## [Source data]
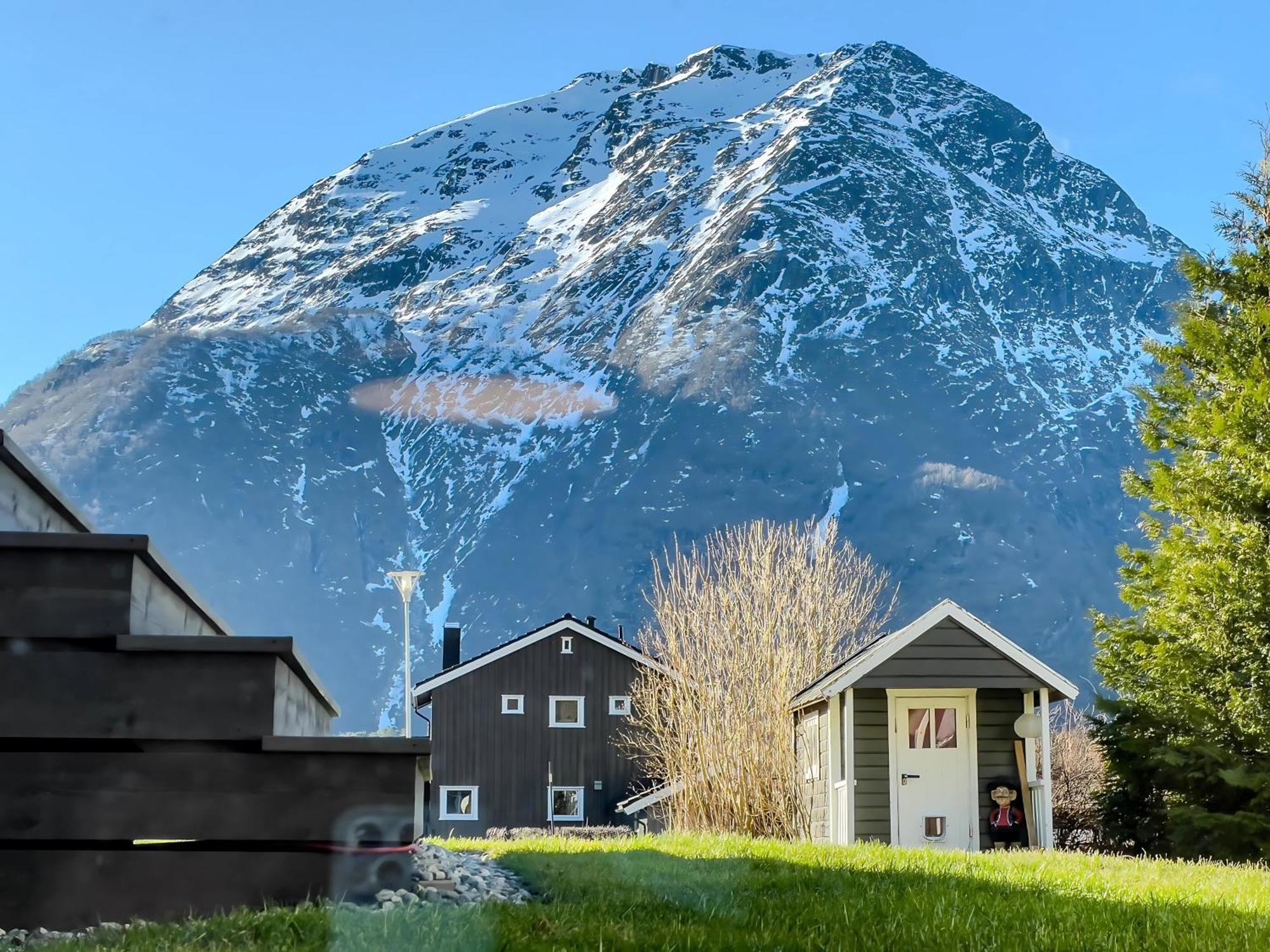 Apartmán Andalsnes Underground Flat Exteriér fotografie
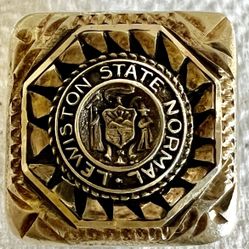 10K Gold Vintage 1937  Lewiston State Normal School pin 2.2 grams Scrap $150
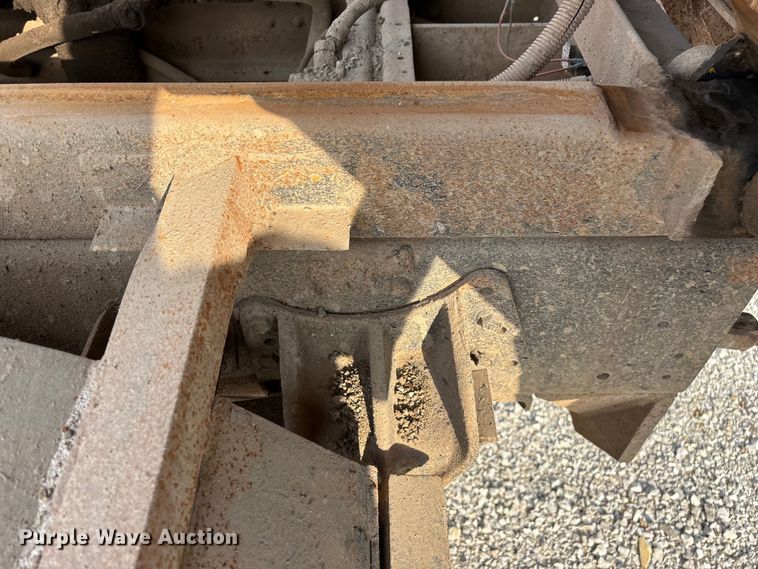 image for item FG0533 1992 International 4900 dump truck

## [What is being asked]
The result should be a word-for-word restatement of all the data, without images.

## [Response]
 Apartmán Andalsnes Underground Flat Exteriér fotografie
 10K Gold Vintage 1937  Lewiston State Normal School pin 2.2 grams Scrap $150
 image for item FG0533 1992 International 4900 dump truck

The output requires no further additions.